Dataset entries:
..............................

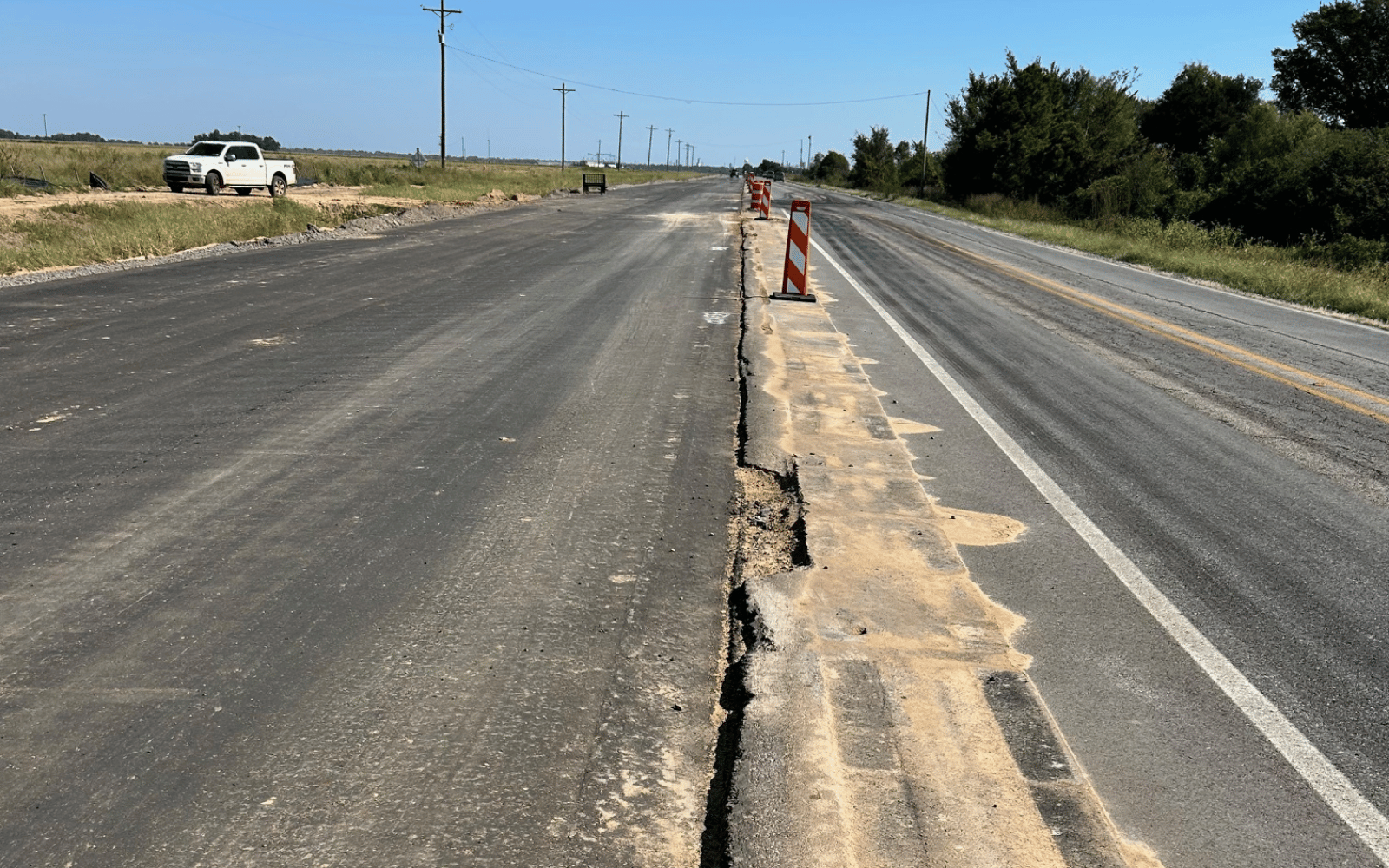 A rural road under construction with a rough, uneven surface and a raised dirt strip. Traffic cones and a construction sign mark the area. A white pickup truck is parked off to the side under a clear blue sky.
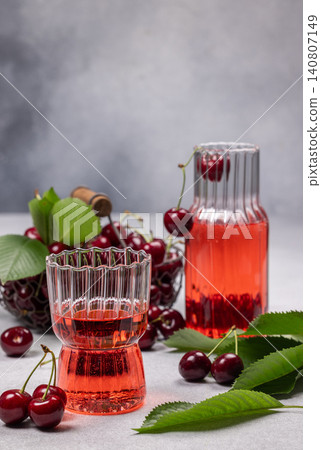 Fresh cherry juice drink and ripe berries Fresh cherry juice drink and ripe berries 140807149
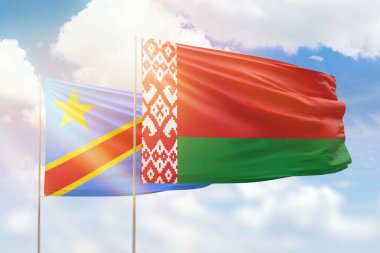 Sunny blue sky and flags of belarus and dr congo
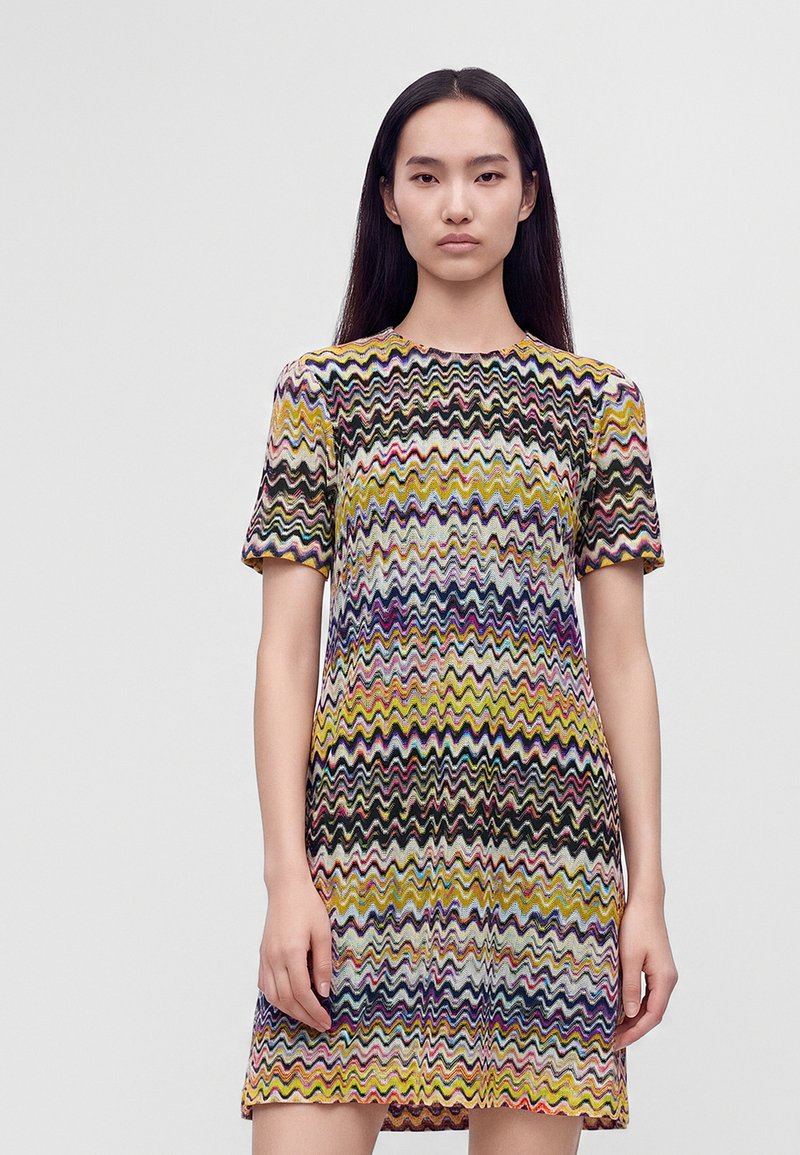 Femme aux longs cheveux noirs portant une robe courte à manches courtes et longueur genou avec un motif zigzag coloré, debout devant un fond uni.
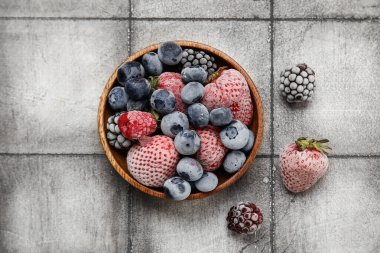 Arkaplanda bir kase donmuş çilek.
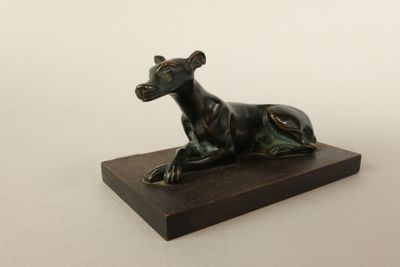 sculpture en bronze représentant un chien, posée sur un socle en bois, sur fond blanc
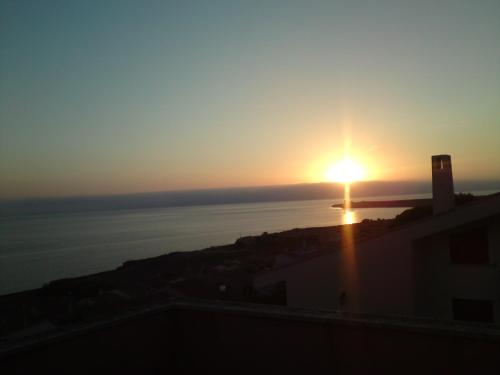 a sunset over the water with a lighthouse in the distance at Amazing BAY VIEW-BEACH BOUTIQUE Apartment VELAMEIGA in Funtana Meiga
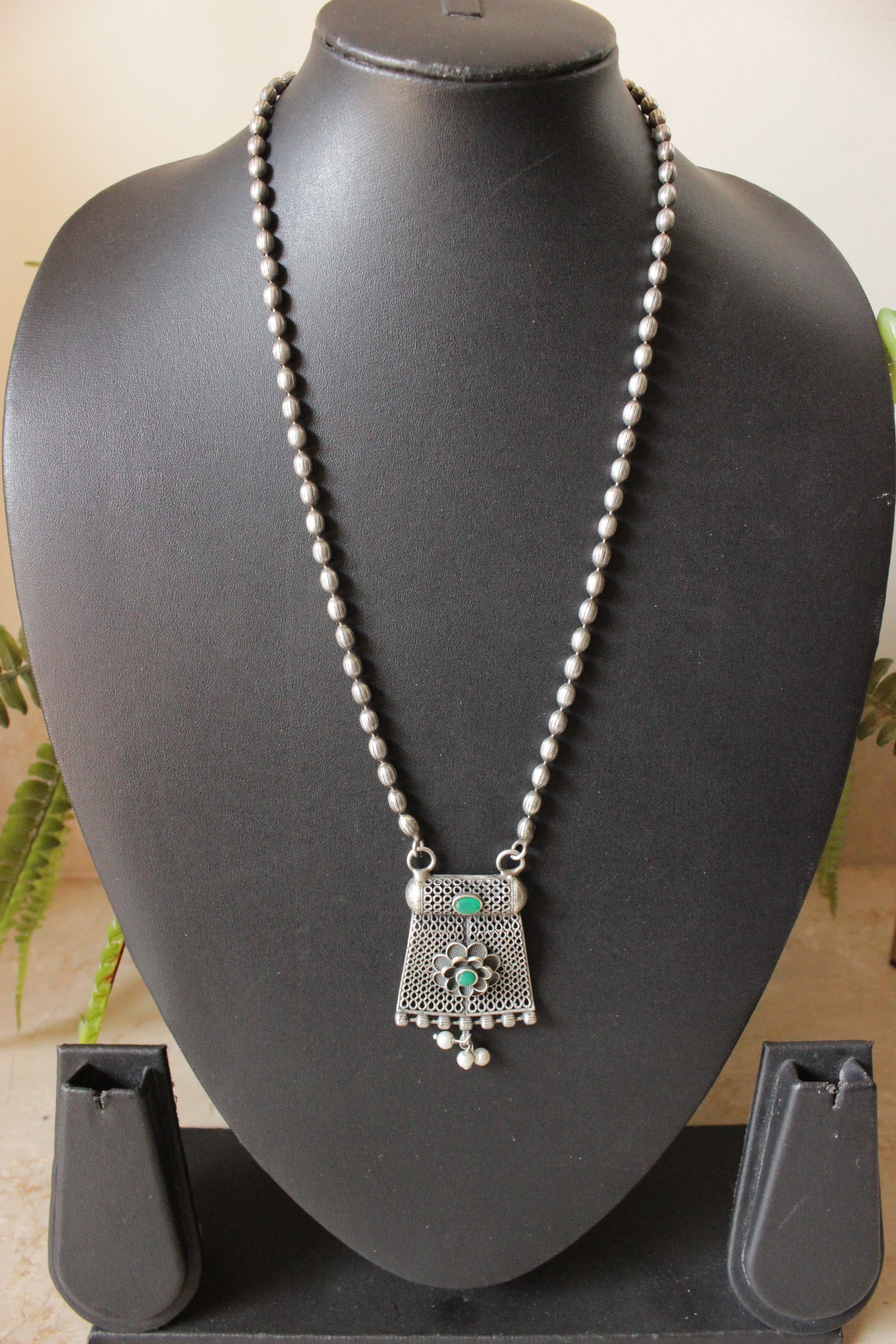 Oxidised Finish Dholki Beads German Silver Necklace with Green Center Stone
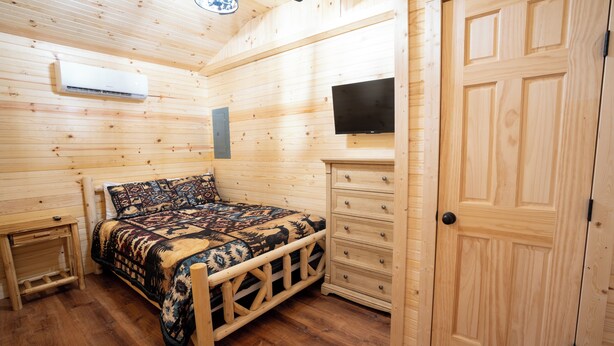 Een kamer met houten lambrisering, een bed, een dressoir, een televisie en een deur.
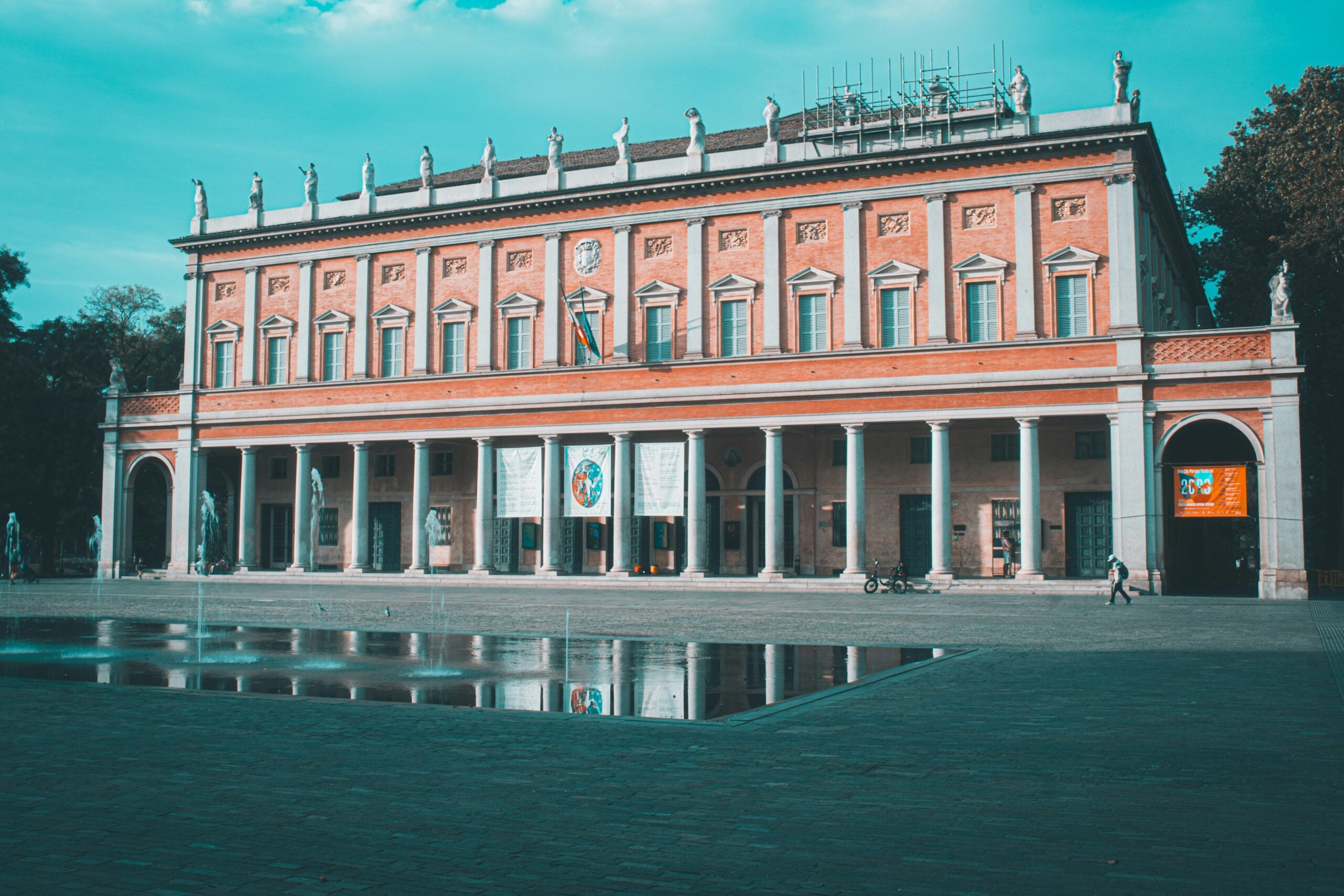 A photograph of a municipal building in Reggio Emilia, Italy, showcases the elegant architecture that reflects the city's rich history and civic pride. The building's facade features classic Italian design elements, such as arched windows, ornate balconies, and a grand entrance framed by decorative columns. The well-maintained exterior, set against the backdrop of a bustling city square, highlights the importance of this government structure within the community. This image captures the essence of Reggio Emilia, Italy, blending tradition with the city's vibrant public life.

..............................

*TASK INSTRUCTIONS*. What is needed is a word-for-word copy of the records above, excluding pictures.

*RESPONSE TO THE TASK*.
 A rural road under construction with a rough, uneven surface and a raised dirt strip. Traffic cones and a construction sign mark the area. A white pickup truck is parked off to the side under a clear blue sky.
 Fresh cherry juice drink and ripe berries Fresh cherry juice drink and ripe berries 140807149
 Sunny blue sky and flags of belarus and dr congo
 Femme aux longs cheveux noirs portant une robe courte à manches courtes et longueur genou avec un motif zigzag coloré, debout devant un fond uni.
 Arkaplanda bir kase donmuş çilek.
 sculpture en bronze représentant un chien, posée sur un socle en bois, sur fond blanc
 a sunset over the water with a lighthouse in the distance at Amazing BAY VIEW-BEACH BOUTIQUE Apartment VELAMEIGA in Funtana Meiga
 Oxidised Finish Dholki Beads German Silver Necklace with Green Center Stone
 Een kamer met houten lambrisering, een bed, een dressoir, een televisie en een deur.
 A photograph of a municipal building in Reggio Emilia, Italy, showcases the elegant architecture that reflects the city's rich history and civic pride. The building's facade features classic Italian design elements, such as arched windows, ornate balconies, and a grand entrance framed by decorative columns. The well-maintained exterior, set against the backdrop of a bustling city square, highlights the importance of this government structure within the community. This image captures the essence of Reggio Emilia, Italy, blending tradition with the city's vibrant public life.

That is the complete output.